We need to understand the difference in the principles underlying an action and the means of expediting the command. In 1 Corinthians 14:26-40 there are at least four principles set forth. 1. All things should be done decently and in order. 2. God is not the author of confusion. 3. Women are to be in subjection. 4. All things are to be done unto edifying. The means of carrying out those principles may differ in various circumstances.
We need to know the difference between divine law and a statement concerning the custom of the times. The holy kiss and the wearing of veils can be shown to be customs. The principles underlying those commands are constant.

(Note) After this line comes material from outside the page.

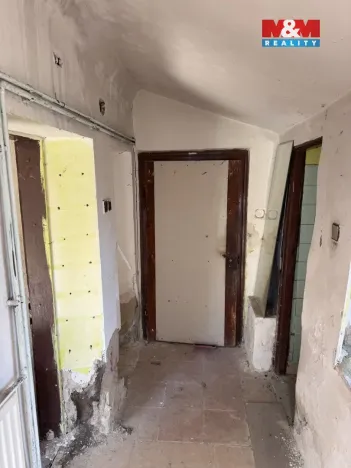 Prodej rodinného domu, Tvrdonice, Kostická, 79 m2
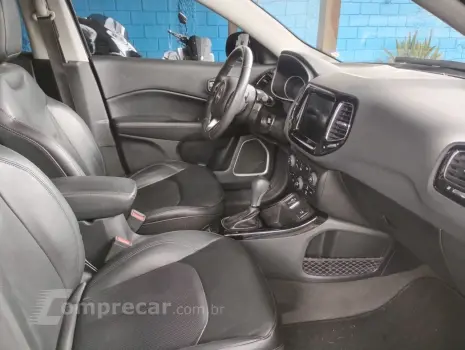 Compass 2.0 16V 4P LIMITED FLEX AUTOMÁTICO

The general principles underlying these things are: We are obligated to do certain things at certain times and in certain ways. Sometimes we have a choice. How do we tell when we are bound or not bound? There are those connected with the Lord’s church who teach that we are not bound to take the Lord’s Supper on the first day of the week. It is admitted that they took it then, but they also took it in an upper room. How do we know that the day is bound, but the place is loosed? Whole articles, or books could be written on the subject, but the simplest easy way to tell for those who honestly want to know is that when the inspired instructions and example show that any aspect of the activity was important, we need to be aware of it. There is nothing in any record at any time that shows there was significance or importance in the upper room. Everything about the example and command indicates that the day was significant.